AI-driven Large-scale Electron Microscopy enables Whole-tissue Subcellular Digitization

TL;DR

This paper introduces DeepOrganelle, a deep learning tool that enables large-scale, high-resolution analysis of cellular organelles in tissue samples, revealing new insights into organelle dynamics during spermatogenesis.

Contribution

The study presents a novel deep learning framework for comprehensive 2D/3D electron microscopy analysis of tissues, enabling detailed subcellular mapping at scale.

Findings

Uncovered stage-dependent mitochondria-ER contact dynamics during meiosis

Revealed organelle redistribution in Sertoli cells related to blood-testis barrier formation

Demonstrated the ability to digitize tissue remodeling at subcellular resolution

Abstract

The distribution and interactions of cellular organelles play a critical role in mediating cellular physiology and pathology.
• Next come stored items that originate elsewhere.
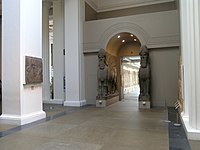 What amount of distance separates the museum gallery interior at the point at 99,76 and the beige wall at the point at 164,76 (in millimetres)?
42

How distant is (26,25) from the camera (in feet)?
19.0

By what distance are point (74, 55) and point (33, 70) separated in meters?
3.54

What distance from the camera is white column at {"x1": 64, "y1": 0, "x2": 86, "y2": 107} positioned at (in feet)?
30.2

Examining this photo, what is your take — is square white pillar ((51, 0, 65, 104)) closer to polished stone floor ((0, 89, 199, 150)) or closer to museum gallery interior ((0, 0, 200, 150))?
museum gallery interior ((0, 0, 200, 150))

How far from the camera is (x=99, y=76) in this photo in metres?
8.85

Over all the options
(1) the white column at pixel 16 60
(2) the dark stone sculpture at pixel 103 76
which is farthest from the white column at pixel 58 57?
(1) the white column at pixel 16 60

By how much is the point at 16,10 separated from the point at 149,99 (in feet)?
20.2

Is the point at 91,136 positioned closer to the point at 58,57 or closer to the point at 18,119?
the point at 18,119

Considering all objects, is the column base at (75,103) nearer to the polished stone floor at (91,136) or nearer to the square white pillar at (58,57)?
the square white pillar at (58,57)

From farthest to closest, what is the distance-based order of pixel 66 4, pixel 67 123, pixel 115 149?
pixel 66 4
pixel 67 123
pixel 115 149

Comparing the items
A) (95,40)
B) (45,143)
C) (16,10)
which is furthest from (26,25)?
(95,40)

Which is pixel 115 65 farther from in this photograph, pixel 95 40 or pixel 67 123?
pixel 67 123

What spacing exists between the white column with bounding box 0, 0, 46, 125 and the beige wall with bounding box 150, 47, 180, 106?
213 inches

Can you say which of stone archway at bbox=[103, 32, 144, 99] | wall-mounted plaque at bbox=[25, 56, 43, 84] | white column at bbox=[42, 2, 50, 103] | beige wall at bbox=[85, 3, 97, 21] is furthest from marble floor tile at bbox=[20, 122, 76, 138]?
beige wall at bbox=[85, 3, 97, 21] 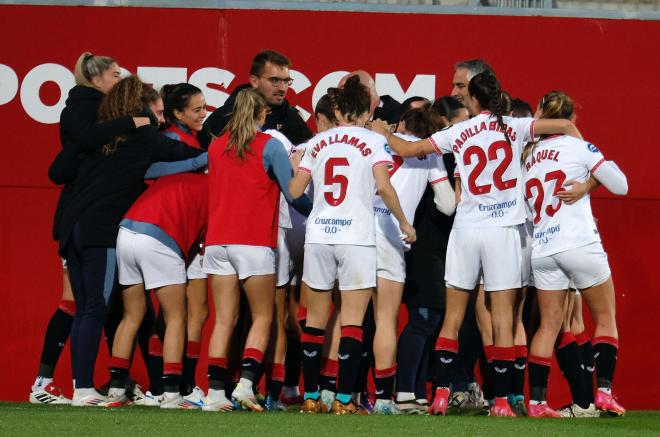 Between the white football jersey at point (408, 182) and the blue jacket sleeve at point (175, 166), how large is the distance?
1.05 metres

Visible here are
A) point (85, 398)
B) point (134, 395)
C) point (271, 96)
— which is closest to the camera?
point (85, 398)

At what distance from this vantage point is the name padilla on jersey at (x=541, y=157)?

Large-scale electron microscopy enables visualization of organelle distribution and interactions at the tissue level with nanometer resolution, but robust and efficient computational analysis tools are lacking. Here, we present a deep learning tool for universal large-scale 2D/3D electron microscopy analysis, DeepOrganelle. This new tool enables high-throughput, cell-resolved spatiotemporal mapping and digitization of organelle distribution and interactions. When applied to spermatogenesis across 12 stages and 22 differentiation status of the germ cells, DeepOrganelle uncovered previously unrecognized, stage-dependent dynamics of mitochondria-endoplasmic reticulum contact sites within one subphase of prophase I during meiosis. It also revealed coordinated organelle redistribution in Sertoli cells towards the blood-testis barrier, digitizing the remodeling dynamics of the tissue. This study demonstrates that DeepOrganelle provides a powerful framework that captures subcellular dynamics at the whole-tissue level.